## Environment Setup

### Library Installation

In [1]:
!pip install pyspark
!apt-get install openjdk-8-jdk-headless -qq > /dev/null

E: Failed to fetch http://security.ubuntu.com/ubuntu/pool/universe/o/openjdk-8/openjdk-8-jre-headless_8u462-ga%7eus1-0ubuntu2%7e22.04.2_amd64.deb  404  Not Found [IP: 185.125.190.39 80]
E: Failed to fetch http://security.ubuntu.com/ubuntu/pool/universe/o/openjdk-8/openjdk-8-jdk-headless_8u462-ga%7eus1-0ubuntu2%7e22.04.2_amd64.deb  404  Not Found [IP: 185.125.190.39 80]
E: Unable to fetch some archives, maybe run apt-get update or try with --fix-missing?


### Library Import

In [2]:
import os
os.environ["JAVA_HOME"] = "/usr/lib/jvm/java-8-openjdk-amd64"

from pyspark.sql import SparkSession
from pyspark.sql.functions import col, to_timestamp, year
import time

## Data Loading and Preprocessing

In [3]:
!pip install -q kaggle

In [4]:
from google.colab import drive
drive.mount('/content/drive')

Mounted at /content/drive


In [5]:
!mkdir -p ~/.kaggle

In [6]:
!cp /content/drive/MyDrive/CollabData/kaggle_API/kaggle.json ~/.kaggle/kaggle.json

In [7]:
!chmod 600 ~/.kaggle/kaggle.json

In [8]:
!kaggle datasets download har5hdeep5harma/chicago-crime-incidents-2001-to-present

Dataset URL: https://www.kaggle.com/datasets/har5hdeep5harma/chicago-crime-incidents-2001-to-present
License(s): other
Downloading chicago-crime-incidents-2001-to-present.zip to /content
 98% 508M/516M [00:03<00:00, 164MB/s]
100% 516M/516M [00:03<00:00, 179MB/s]


In [9]:
!unzip chicago-crime-incidents-2001-to-present.zip

Archive:  chicago-crime-incidents-2001-to-present.zip
  inflating: Chicago_Crimes_2001_to_Present.csv  


## Initialize Spark Session

In [11]:
print("Updating apt-get and installing openjdk-8-jdk-headless...")
!apt-get update -qq > /dev/null
!apt-get install openjdk-8-jdk-headless -qq > /dev/null

import os
os.environ["JAVA_HOME"] = "/usr/lib/jvm/java-8-openjdk-amd64"

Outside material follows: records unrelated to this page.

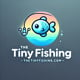 Tiny Fishing Game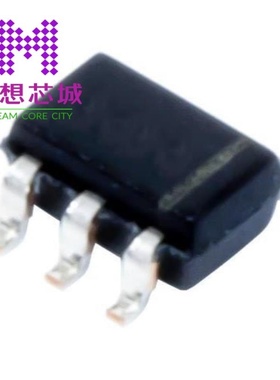 INA211AIDCKT INA211BIDCKR INA211BIDCKT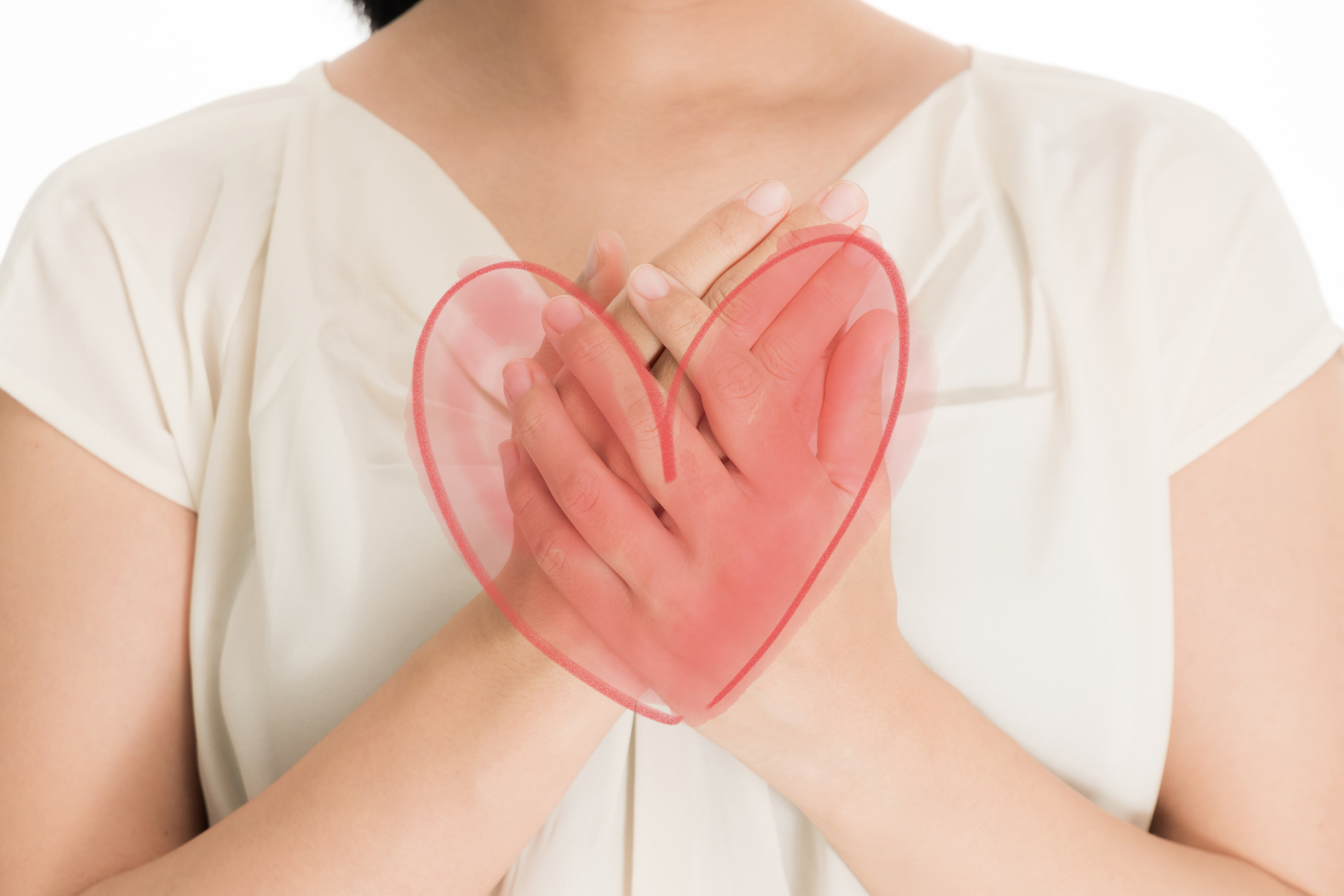 pixta_99434930_M ペットロスがつらい人へ｜供養が心のケアになる理由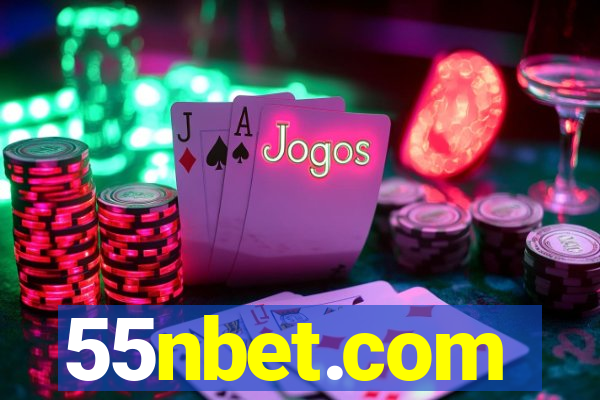55nbet.com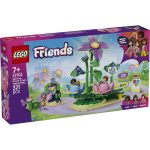 Lego 42702 Vožnja na cvjetovima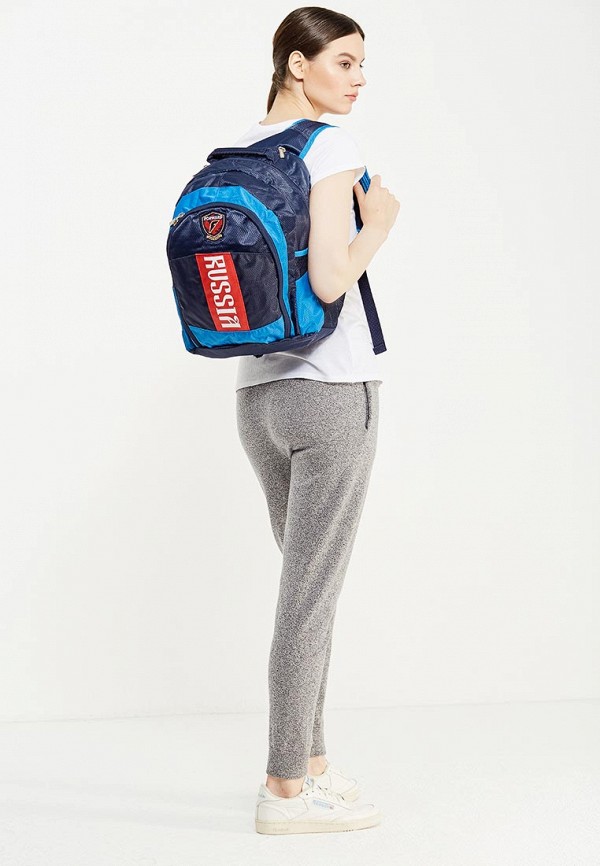 Forward Рюкзак - Russia - фото 4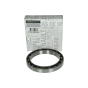 Rulment Original 7703090549 Renault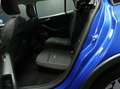 Ford Focus 1.5 EcoBlue 115 CV automatico SW Active Design Blu/Azzurro - thumbnail 9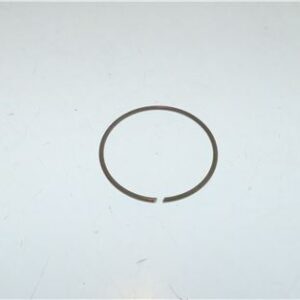 ANELLO ELASTICO D.33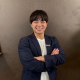 加藤 孝基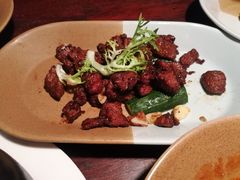 -外婆家(南开大悦城店)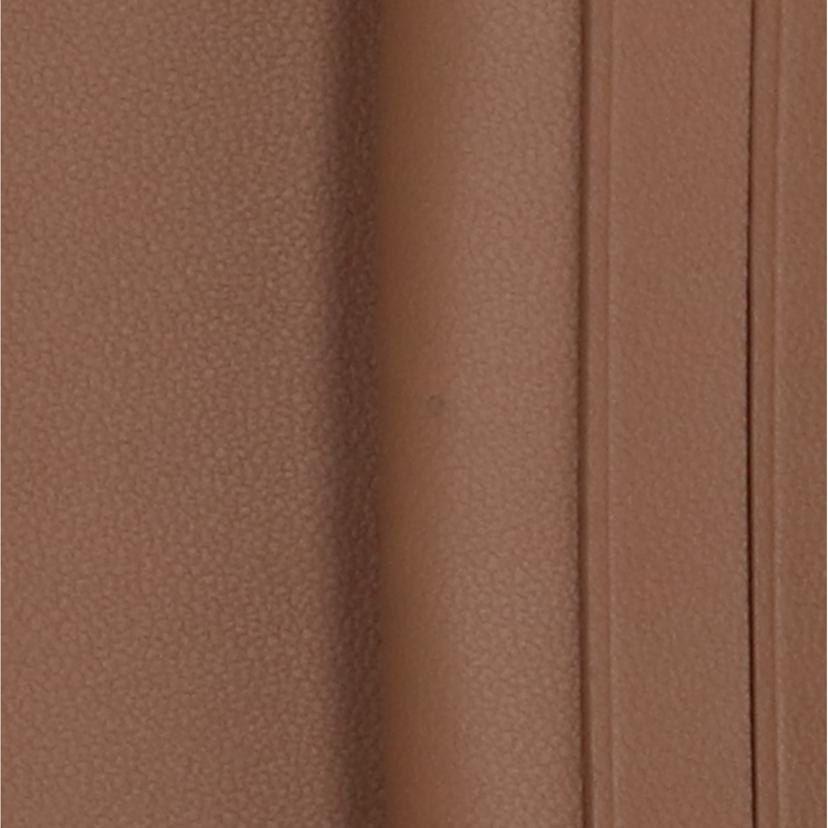 COACH コーチ/レザー2つ折り財布/CC900//H22**/ABランク/05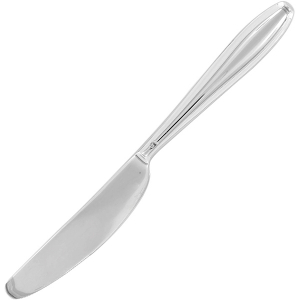 картинка Нож д/фруктов «Анзо»; сталь нерж. (03112542) Eternum от интернет-магазина Posuda-bar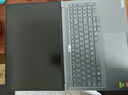 ThinkPad【國家補貼20%】聯(lián)想ThinkBook 16p 2025 AMD銳龍9 8945HX處理器 16英寸視頻剪輯設計師筆記本電腦 R9 8945HX 32G 1T 8G獨顯00CD 曬單實拍圖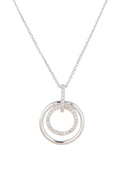 Pendentif "Takhli" D 0,18/32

from pyspark.sql import SparkSession
# These imports are also in IqeNjUwEFlc1, but included here for robustness if cell is run in isolation
from pyspark.sql.functions import col, to_timestamp, year
import time

spark = SparkSession.builder \
    .appName("StorageTechniques_ChicagoCrime") \
    .master("local[*]") \
    .getOrCreate()

print("Spark initialized")

Updating apt-get and installing openjdk-8-jdk-headless...
W: Skipping acquire of configured file 'main/source/Sources' as repository 'https://r2u.stat.illinois.edu/ubuntu jammy InRelease' does not seem to provide it (sources.list entry misspelt?)
Spark initialized


## Load and Prepare Data

In [12]:
# Load the raw CSV
print("Loading CSV data...")
df_raw = spark.read.option("header", "true").option("inferSchema", "true").csv("Chicago_Crimes_2001_to_Present.csv")

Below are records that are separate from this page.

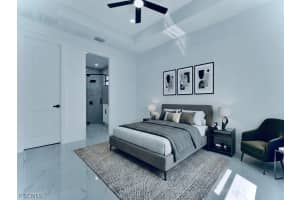 2503 53rd Street, Lehigh Acres, FL 33976 - MLS#2026012750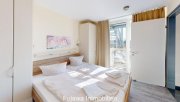 Rechlin Maisonette Wohnung Appartement im Müritzturm mit Seeblick Wohnung kaufen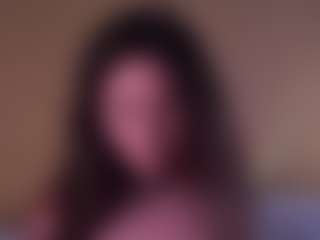 EleneEves's Live Sex Cam Show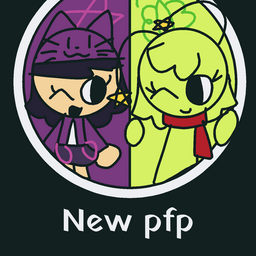 @purplegirly_and_cathat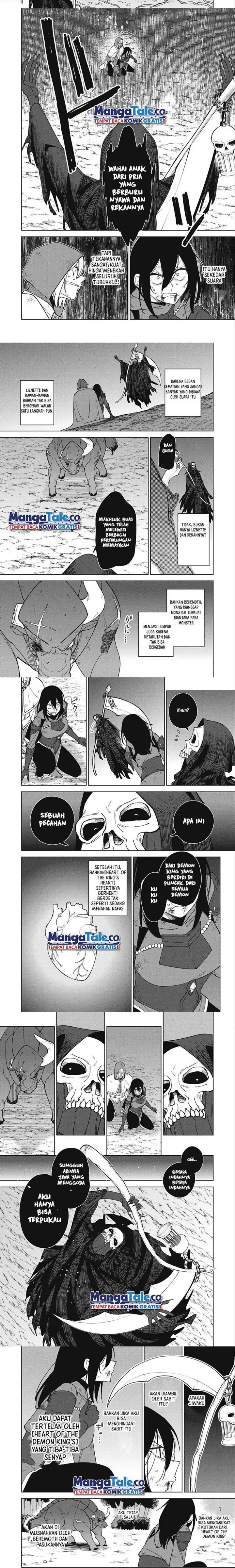 image-komik-s-rank-party-kara-kaikosareta-jugushi-noroi-no-item-shika-tsukuremasen-ga-sono-seinou-wa-artifact-kyuu-nari-chapter-27-6/10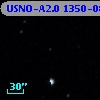 USNO-A2.0 1350-08100049
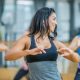 Essential Description of Zumba Class + Benefits! | The Ultimate Zumba Guide: Dance Your Way to a Healthier You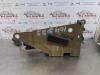Gebruikte Portierslot Mechaniek 2Deurs links Smart Fortwo O179100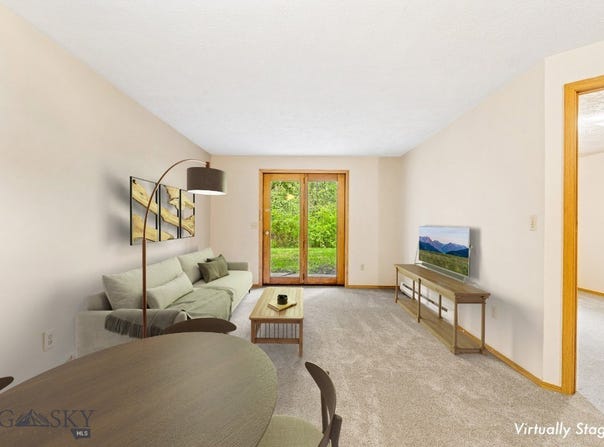 719 S Church Avenue, Bozeman, MT 59715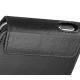 Housse cuir Apple iPod Touch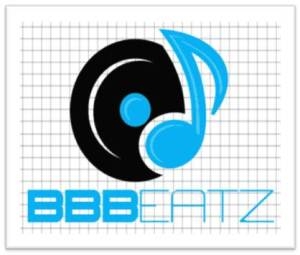 BbBeatz Radio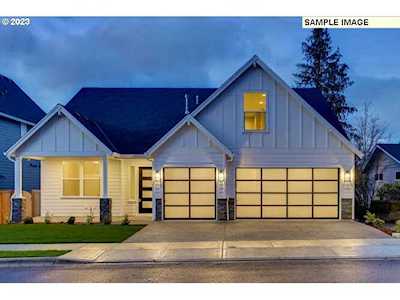 8085 SW Knudsen PL Portland, OR 97223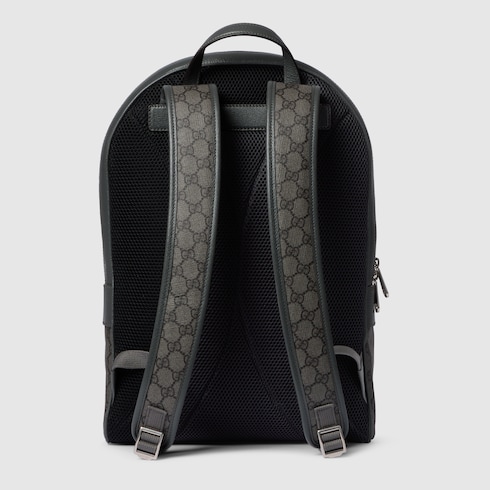 Mittelgroßer Ophidia Rucksack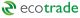 ECOTRADE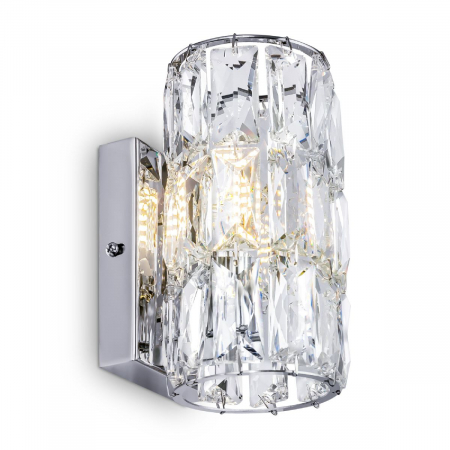 Maytoni DIA008WL-1CH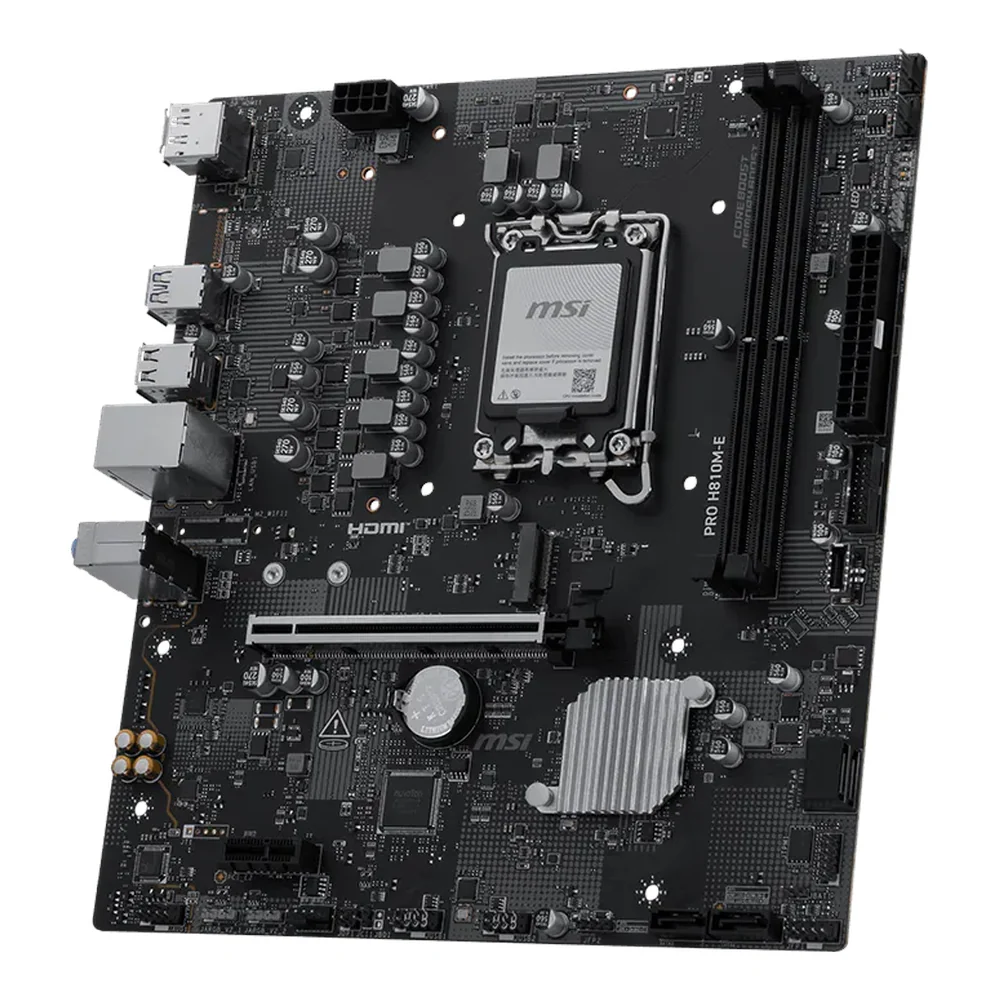 MSI-PRO-H810M-E-Motherboard-911-7E72-001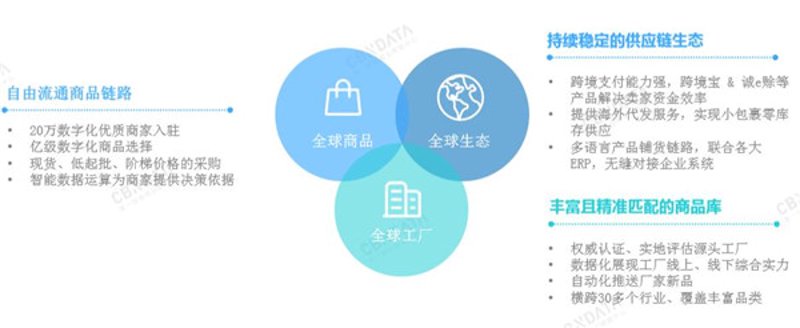 家居收纳艺术:如何巧妙利用有限空间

# Clean up column names by removing spaces
new_columns = [c.replace(' ', '_') for c in df_raw.columns]
df = df_raw.toDF(*new_columns)

# Ensure Date format and Year column exist (used for partitioning)
df = df.withColumn("Year", col("Year").cast("integer"))

print(f"Total rows: {df.count()}")
df.printSchema()
df.show(5)

Loading CSV data...
Total rows: 8422096
root
 |-- ID: integer (nullable = true)
 |-- Case_Number: string (nullable = true)
 |-- Date: string (nullable = true)
 |-- Block: string (nullable = true)
 |-- IUCR: string (nullable = true)
 |-- Primary_Type: string (nullable = true)
 |-- Description: string (nullable = true)
 |-- Location_Description: string (nullable = true)
 |-- Arrest: boolean (nullable = true)
 |-- Domestic: boolean (nullable = true)
 |-- Beat: integer (nullable = true)
 |-- District: integer (nullable = true)
 |-- Ward: integer (nullable = true)
 |-- Community_Area: integer (nullable = true)
 |-- FBI_Code: string (nullable = true)
 |-- X_Coordinate: integer (nullable = true)
 |-- Y_Coordinate: integer (nullable = true)
 |-- Year: integer (nullable = true)
 |-- Updated_On: string (nullable = true)
 |-- Latitude: double (nullable = true)
 |-- Longitude: double (nullable = true)
 |-- Location: string (nullable = true)

+--------+-----------+--------------------+-------------

## Storage Comparison

### .csv

In [13]:
# Save as CSV
print("Writing CSV...")
start_time = time.time()
df.write.mode("overwrite").csv("chicago_data_csv")
print(f"CSV Write Time: {time.time() - start_time:.2f} seconds")

Writing CSV...
CSV Write Time: 113.33 seconds


### parquet

In [14]:
# Save as Parquet
print("Writing Parquet...")
start_time = time.time()
df.write.mode("overwrite").parquet("chicago_data_parquet")
print(f"Parquet Write Time: {time.time() - start_time:.2f} seconds")

Writing Parquet...
Parquet Write Time: 120.13 seconds


### Storage Comparison

In [15]:
# Compare Storage Size
print("\nSTORAGE SIZE COMPARISON")
!du -sh chicago_data_csv
!du -sh chicago_data_parquet


STORAGE SIZE COMPARISON
1.9G	chicago_data_csv
568M	chicago_data_parquet


## Partitioning Strategy

In [16]:
# Write Partitioned Parquet
print("Writing Partitioned Parquet (partitioned by Year)...")
start_time = time.time()
df.write.mode("overwrite").partitionBy("Year").parquet("chicago_data_partitioned")
print(f"Partitioned Write Time: {time.time() - start_time:.2f} seconds")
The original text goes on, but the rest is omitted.